Après quatre semaines qui ont transformé la Puerta del Sol, à Madrid, en un symbole du malaise de l'Espagne face au chômage et à la crise, les jeunes "indignés" démontent leur campement dimanche en promettant de continuer à faire entendre leur voix.
"Si vous ne nous laissez pas rêver, nous ne vous laisserons pas dormir", avaient-ils prévenu en plantant leur village alternatif le 17 mai sur la grande place du "kilomètre zéro", au coeur de la capitale espagnole.
Presque un mois plus tard, malgré un avenir en point d'interrogation, les "indignés" annoncent d'autres rendez-vous, à commencer par une journée nationale le 19 juin.
"La place restera un lieu d'assemblées, chaque quartier continuera à travailler et nous poursuivrons le mouvement sur internet", assure un porte-parole, Marcos Quesada, étudiant en droit de 19 ans.

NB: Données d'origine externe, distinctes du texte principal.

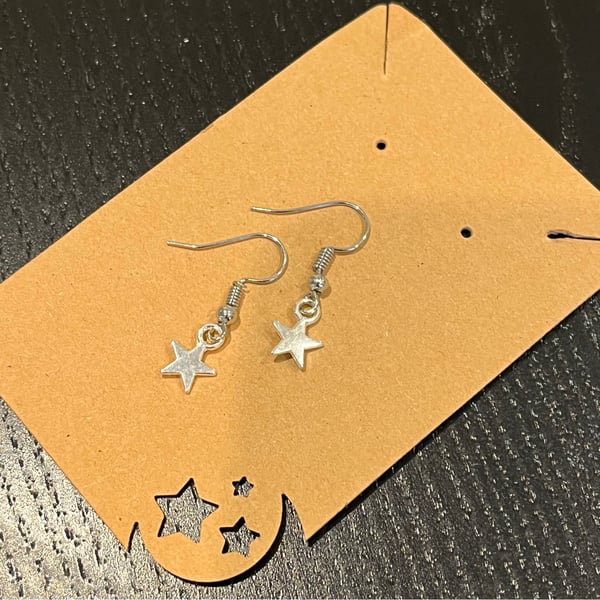 Cute Small Star Silver Earrings Dangle Drop Ear Wires Handmade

Déjà, les manifestants ont construit au milieu de la Puerta del Sol une structure en planches de chantier et matériaux de récupération, leur futur point d'information permanent.

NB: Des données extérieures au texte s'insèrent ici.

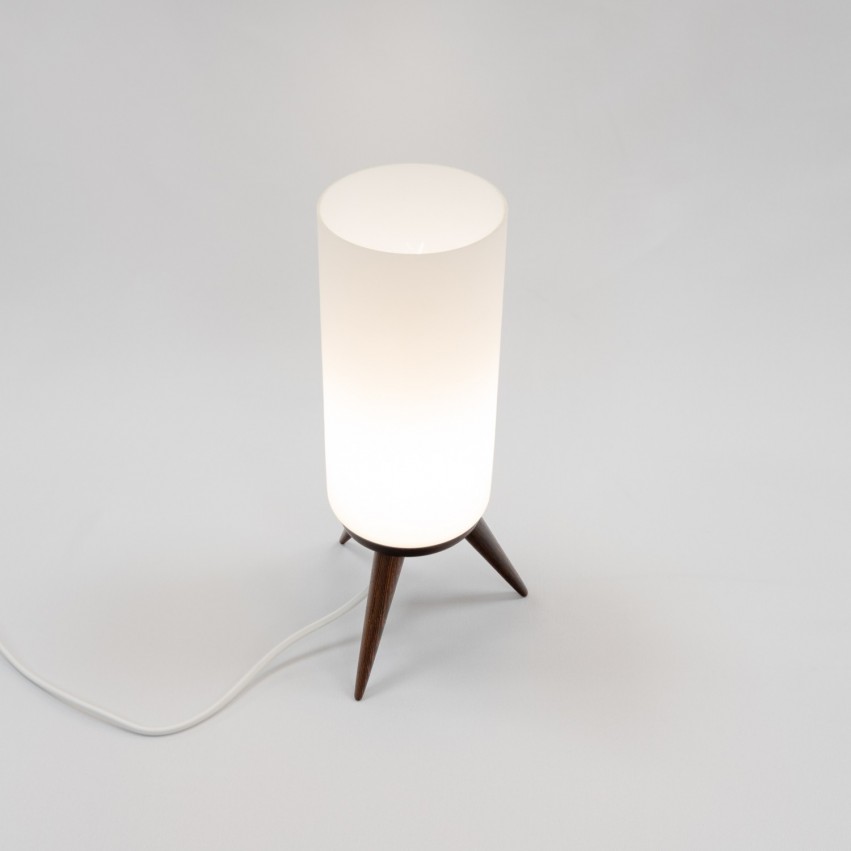 Lampe tripode en verre et bois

"Pour que reste vivant le symbole de Sol", explique Irene Rodriguez, une jeune fille de 22 ans qui travaille à la commission des "infrastructures", "au chômage malgré deux diplômes d'architecte et d'ingénieur, et trois langues".

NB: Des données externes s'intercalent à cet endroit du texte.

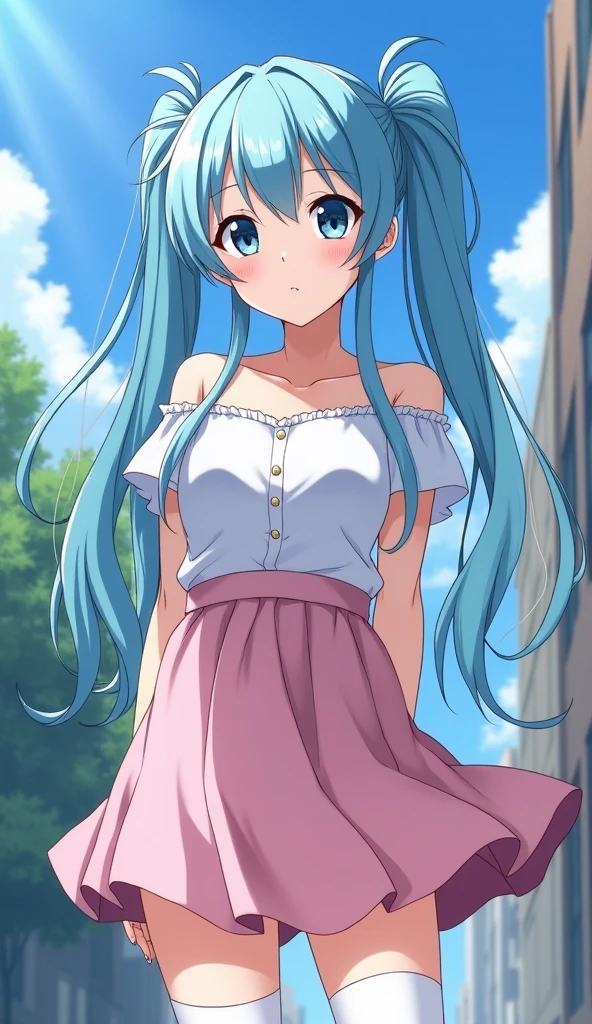 (Anime artwork, Anime Style, Studio Anime, Very detailed, Latest, Vibrant, Anime Coloring Book, High Contrast, masterpiece:1.2, highest quality, Best aesthetics), White dress、High Knee Socks, Big Breasts, I can see a glimpse of my thighs, Blue Hair, Straight long hair, Asymmetrical bangs, Perfect Proportions, Skin with attention to detail, cute, Detailed face, Low angle shot:1.2, (Accurate fingertips, Browse 4, Thumb 1),Cherry tree、The wind is blowing、Smile、White teeth are visible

Le mouvement était né spontanément le 15 mai d'une manifestation de citoyens autour de cibles disparates: le chômage qui frappe plus de quatre millions d'Espagnols et presque la moitié des moins de 25 ans, les politiciens taxés de cynisme et de corruption, les banques, les dérives du capitalisme.
Très vite, relayé par les réseaux sociaux, il a tissé sa toile à travers l'Espagne, dans une fronde au ton libertaire, inédite dans ce pays où des campements ont fleuri sur les places publiques de dizaines de villes et villages.
Après les rassemblements de dizaines de milliers de personnes au moment des élections locales du 22 mai, le campement s'est vidé au fil des jours, mais les "indignés" ne désarment pas.
"Je suis ici depuis le premier jour, et je suis fatiguée", confie Irene Rodriguez. "C'est difficile. Les gens doivent continuer leur vie, leur travail. Et beaucoup préfèrent regarder depuis leur canapé".
Ces jours-ci pourtant, ils sont passés à d'autres formes d'action: sit-in nocturne, mercredi, devant le parlement, ciblant la classe politique aux cris de "bien sûr, bien sûr qu'ils ne nous représentent pas".
Puis samedi, face-à-face mouvementé avec la police anti-émeutes pour accueillir la réélection du maire conservateur de Madrid, Alberto Ruiz-Gallardon.
"Depuis la décision mardi de lever le campement, le mouvement s'est réveillé, nous sommes revenus à notre but, avec des cibles politiques", assure un représentant des "indignés" en refusant de dévoiler son nom.
Leur plate-forme réclame une modification de la loi électorale, accusée de ne pas donner de place aux petits partis, la "transparence" des instances politiques et économiques, la participation des citoyens à la vie politique.
Mais les outils restent flous, les propositions concrètes rares, les leaders inexistants. Et l'avenir des "indignés", pourtant soutenus par l'opinion publique, très incertain.
"Qu'ils nous apportent des propositions recueillant 500.000 signatures et nous les examinerons", remarquait un responsable gouvernemental.
"Leur avenir dépendra de leur imagination afin de se maintenir unis et informés. Les indignés sont un collectif beaucoup plus vaste que ceux qui campent sur les places", analysait Antonio Alaminos, sociologue de l'université d'Alicante.
"Il est important que cette indignation soit canalisée à travers des projets coordonnés", remarque Israel Rodriguez Giralt, professeur de sciences de l'éducation à l'université de Barcelone. "C'est la force et aussi le défi de ce mouvement".